About 150 years ago, the oil industry saved many whales from extinction. About 50 years ago, airguns saved much human and animal life. In the future, renewable sources of energy might replace hydrocarbons, and during the transition period the remaining oil and gas are increasingly more difficult to find and produce. Finding these hydrocarbons will require improved seismic methods, in particular, seismic sources with increased low-frequency content and reduced environmental impact.

The low-pressure source (LPS) is an evolution of the conventional airgun; it is designed to operate at lower pressure but higher volume. Conventional airguns operate at 2,000 psi and have volumes of 40 cu. in. to 2,000 cu. in. An LPS operates at 600 psi to 1,000 psi and has volumes of 1,000 cu. in. to 6,000 cu. in. The lower pressure enables the volume increase without increasing the weight and the number of guns in the source array.

In addition to larger volume, another modification that is enabled by lower pressure is larger ports that wrap twice as far around the source, with a total area that is four times that of a conventional airgun. Another new design feature of the LPS is a reduced acceleration distance. Rather than the jets of air that are initially shot into the water by conventional airguns, the LPS produces an annular ring of air that forms an expanding bubble. Instead of whistling jets of air, the expanding bubble radiates low-frequency waves. The LPS thus emits less high-frequency acoustic energy that has little or no geophysical utility for exploration and reservoir model building. It wastes less high-frequency noise and produces more low-frequency signal.

Operational impacts
Upgrading from conventional airguns to an LPS should have a small impact on seismic operations. There will be minor modifications to the compressors, to the umbilicals and to the source control systems. Seismic crews will be able to upgrade from airguns to LPSs with no or little delay. There also will likely be minor changes to data processing because although the time duration of the LPS pulse is longer than conventional high-pressure airguns and the peak-to-bubble ratio is smaller, the bubble is effectively not moving while radiating seismic waves, so there is no need for source motion correction in processing. The smaller peak-to-bubble ratio increases the dependency on improved source designature. However, this is an evolution of seismic data processing that is already underway for the purpose of broadband processing of conventional airguns; the low-frequency acoustic waves that are radiating from the bubble can be treated as signal and not as noise. The bubble has the desired amplitude but the wrong phase; it is coming some time after the main pulse. The phase (or timing) can be fixed without harming the amplitude in processing.

Seneca Lake test
As a proof of concept, the authors deployed an LPS prototype at Seneca Lake and recorded data with near-field and far-field hydrophones (NFH and FFH; Figure 1). The prototype had two firing chambers: a 50-cu.-in. chamber and a 600-cu.-in. chamber. The large volume was shot at pressures varying from 200 psi to 1,000 psi and the small volume from 500 psi to 2,000 psi. An NFH was tied 1 m (3.3 ft) above the LPS and recorded data at a 0.5-ms interval (2 KHz sampling and 1 KHz Nyquist frequency). The FFHs were a vertical array of 24 hydrophones. The nearest one was 75 m (246 ft) below the LPS, and the farthest was 121 m (397 ft) away, with a 2-m (6.5-ft) vertical interval between hydrophones. The FFH, sampling at 31.25 microseconds (32 KHz sampling, 16 KHz Nyquist frequency), provided much better data than the NFH. About 300 shots were recorded over two days. Shots at the same depth, volume and pressure were repeated three to six times to test the repeatability.

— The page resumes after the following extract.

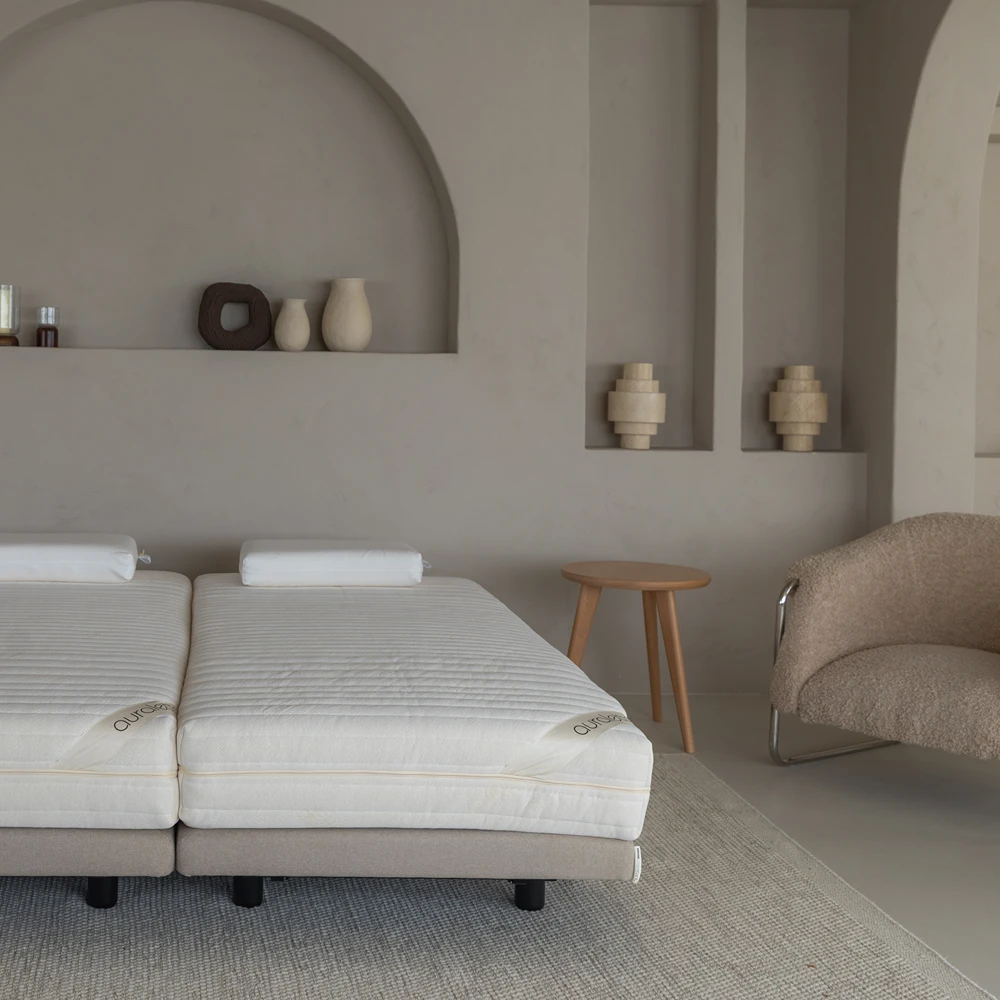 Auraletto_design nachttafel_Circle_massief_beukenhout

Several attributes from the Seneca Lake data were extracted and analyzed. Figure 2 shows two key attributes: The slope (rate of rise in pressure to the primary peak) is a measure of environmental impact, and the ratio of energy in low frequency to energy in high frequency is a measure of geophysical quality. The attributes are plotted against pressure with source depth encoded in color; red is 5 m (16.4 ft), green is 7.5 m (25 ft) and blue is 10 m (33 ft). With three to six times with the same parameters, the data show excellent repeatability.

The improvement in environmental impact was greater than expected (Figure 3). The improvement in geophysical quality was encouraging, and significant improvement in low-frequency content is expected with full-scale volumes and full design features.

With significant environmental and geophysical advantages and with minor changes to seismic acquisition and processing, the LPS is expected to replace conventional airguns as the main seismic source for E&P and development.